Ego vs Strength – Getting Back To The Gym

Ego vs Strength copy

If it has been awhile since you visited the gym, you’re not alone. Let’s say that two years ago you were going on a regular basis and had reached a certain point where you were looking good and feeling good, and then life interfered and you had to drop the gym because you were required to stay late at work, or a new baby arrived, or other factors got involved — Things happen.

However, now you are back and ready to get to it, but then you face the fact that you have lost a lot of tone and a lot of strength. You look around the gym and see where you used to be, and you either want to back out slowly or you decide to ‘fake it until you make it.’ You did it before, so you assume you can do it again; you probably just haven’t realized that you might have forgotten how to do it correctly.

When you try to over train incorrectly, you are going to hurt yourself. If you have been gone long enough, you have probably forgotten the right form to even attempt what you’re trying to do, and everyone else is going to notice it, too. Most people have the notion that everyone in the gym is staring at them, which isn’t the case, unless you’re obviously doing something wrong while pretending you’re doing it right, trying to impress everyone. Yeah, then people are going to start staring at you.

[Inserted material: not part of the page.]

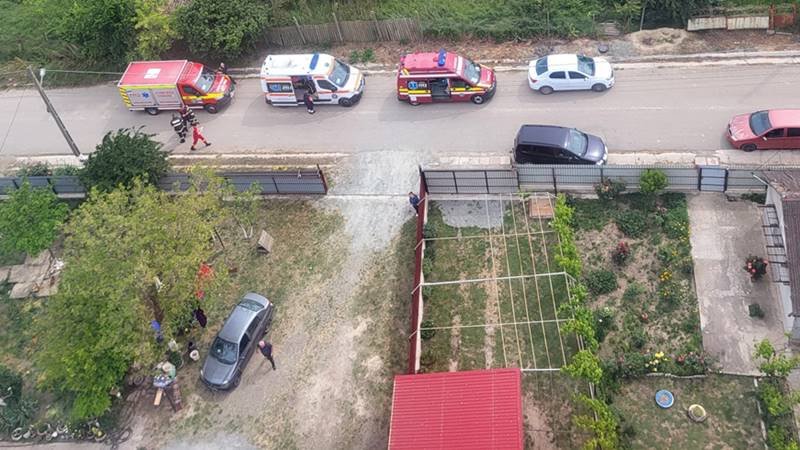 (VIDEO) UPDATE. Alertă în județul Constanța! Un copil de 9 ani și doi adulți au căzut într-o fântână – intervine elicopterul SMURD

The first and hardest thing to do at the gym is leave your ego at the door. Accept the fact that it has been a while, and do not hesitate to ask for advice. Doing the exercises correctly the first time is going to lead to a better core, leaner muscles, and less risk of injury, while doing things incorrectly can sometimes lead to serious damage to your muscles and form. It’s important that you concentrate on learning to exercise correctly.

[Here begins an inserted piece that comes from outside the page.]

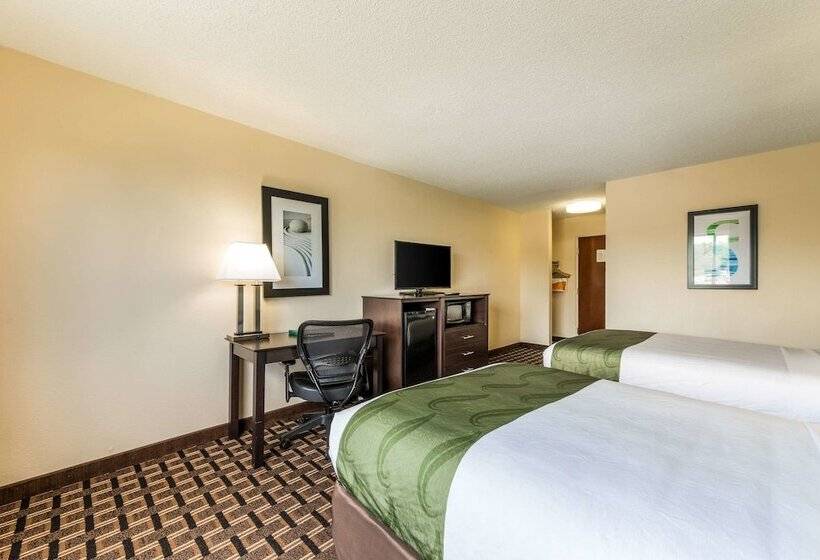 Номер Стандарт 2 Двуспальные Кровати, Quality Inn Huntersville Near Lake Norman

One of the first mistakes is to try to lift more weight than you actually can. Back off and start more slowly; use a lighter weight and do it correctly. After you have gained some strength back, you can graduate to the heavier weights.

Remember not to ignore your weaker areas; in fact, concentrate on the weaker areas so they can support the stronger ones. Again, do it correctly and you will be doing reps with the heavier weights in no time.

If you are smart enough to want to train, then be smart enough to train correctly. You will look better, feel better, and get back that overall sense of strength and health.